Extended Data Fig. 2 JPLE captures the association between amino acid sequence and RNA sequence specificity.
a, Illustration of the JPLE training process for n RBPs. Singular value decomposition (SVD) is used to decompose the joint protein representation [P R] into U, Σ, and VT. The d singular vectors and values contributing the most to the variance of R in [P R] are selected, leading to the submatrices U’, Σ’, and V’T. The product W of U’ and Σ’ provides the d- dimensional latent embedding of the n RBPs. b, Distribution of the Pearson correlation coefficients (PCCs) between the reconstructed (r*) and measured (r) RNA-binding profiles (that is, the reconstruction similarity), as a function of the number of maintained singular vectors d. Note that PCC is multiplied by 100. The median, minimal, and maximal reconstruction similarities are displayed, and the distribution is indicated in gray. To enable a minimum reconstruction PCC of 0.95 for all measured RBPs, d = 122 is required. The orange line represents the percentage of variance explained in R of [P R]. c, Illustration of the JPLE inference process for RBPu. The left (in blue) showcases a protein query, where the RBP’s latent embedding wu* is obtained by deconvolving its peptide profile pu into a mixture of the singular vectors in VP’. Its RNA-binding profile ru* can be reconstructed through either global (labeled G) or local (labeled L) decoding. The right (in brown) showcases RNA query, where the RBP’s latent embedding wu* is obtained by deconvolving its RNA-binding profile ru into a mixture of the singular vectors in VR’. Its peptide profile pu* can be reconstructed through global decoding. d, Variance explained in P and R of [P R], as a function of the number of selected singular vectors d. At d = 122, 44% and 96% of the total variance of P and R of [P R] are explained respectively. e, Relationship between RNA-binding profile PCCs and their JPLE latent distance. JPLE was trained leaving clusters of RBPs with the same specificity (PCC > 0.6) out, then embedding them into JPLE and measuring the cosine distances between each other and to the RBPs in the training set (that is, the e-dist). The e-dist for each pair of RBPs was compared to the similarity of their RNA-binding profiles (orange, right y-axis) and their amino acid sequence identity (blue, left y-axis). Lines and shaded areas show smoothed mean and standard deviation across 50 equally sized bins. RBP pairs with an e-dist < 0.20 possess an average RNA-binding similarity of at ≥ 0.62 and an average AA SID ≥ 36%.

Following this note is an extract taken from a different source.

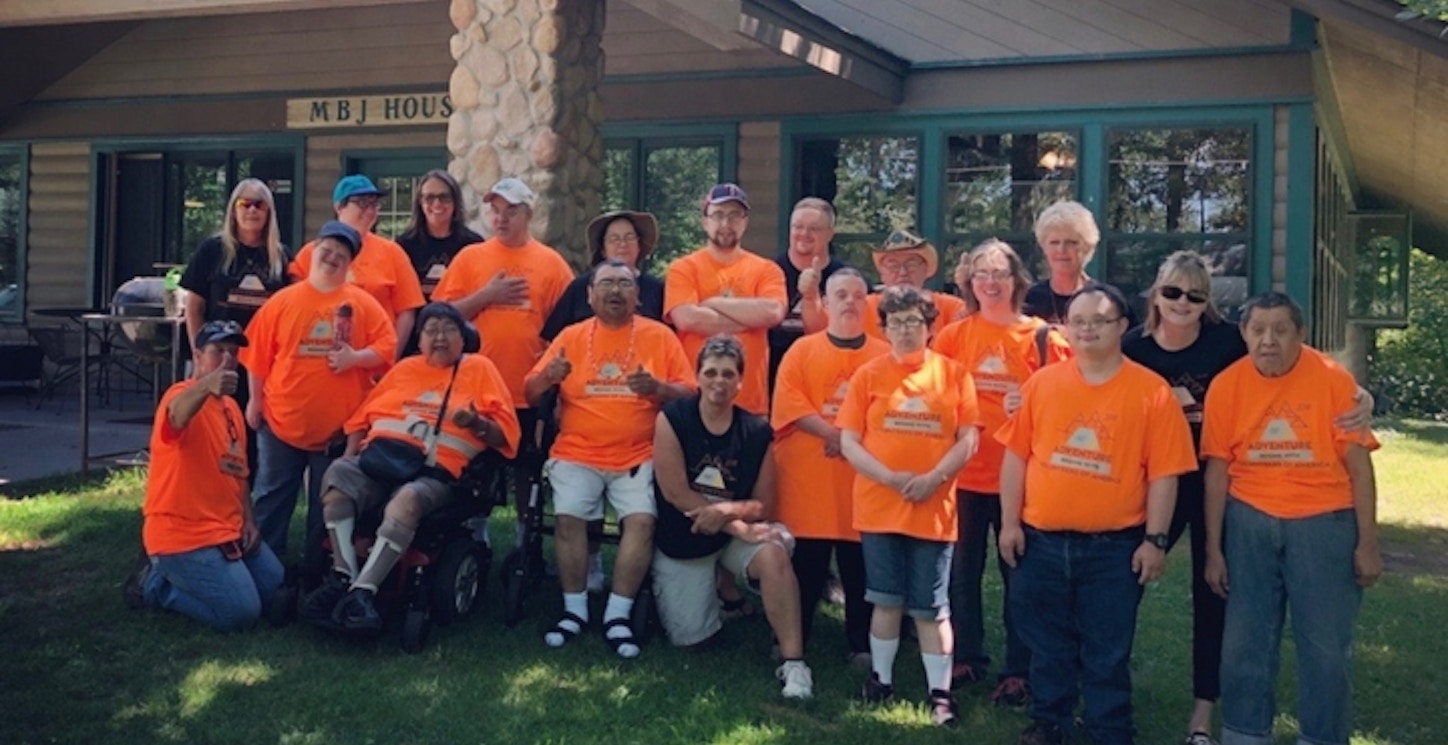 Volunteers Of America Invade Camp Confidence T-Shirt Photo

Extended Data Fig. 3 JPLE outperforms alternative methods.
a, b, Comparison of the RNA-binding profile reconstructions generated by JPLE trained with 5-mer peptide features, to those generated by two linear regression (LR) models trained with deep learning features from TAPE: UniRep (a) and BERT (i.e., Transformer) (b). As in Extended Data Fig. 2, reconstruction PCCs are computed between the reconstructed (r*) and measured (r) RNA-binding profiles. c, Precision-recall curves for RNA- binding profile reconstructions generated by JPLE, AA SID, affinity regression (AR), and the nearest neighbor model (see Methods). Precision (y-axis) shows the mean PCC for reconstructions at least as confident as the threshold (top axes). JPLE confidence is e-dist to the nearest neighbor; AA SID confidence is % amino acid identity; AR confidence is one minus PCC between the test and nearest neighbor’s embedding; the nearest neighbor model confidence is e-dist to the nearest neighbor. At the AA SID threshold of 70%, a mean PCC of 0.75 is achieved (red line). The recall for all four methods at a mean PCC of 0.75 is indicated. Standard error is shown in the shaded area around each line. d, Distribution of the mean interface predicted aligned errors (PAEs) for RoseTTAFold2NA (RF2NA) and AlphaFold3 (AF3) predicted structures with high-affinity 7-mers (binding) and low-affinity 7-mers (nonbinding) for all 355 RBPs. e, ROC curves compare the performance of RF2NA, AF3, and JPLE in the task of differentiating high-affinity from low- affinity 7-mers. The predictions for RF2NA and AF3 are the mean interface PAEs (see d). The predictions for JPLE are the predicted z scores on held-out RBPs. Numbers contained within brackets in the legend display the AUROCs.
Extended Data Fig. 4 JPLE predicts RNA- interacting amino acids.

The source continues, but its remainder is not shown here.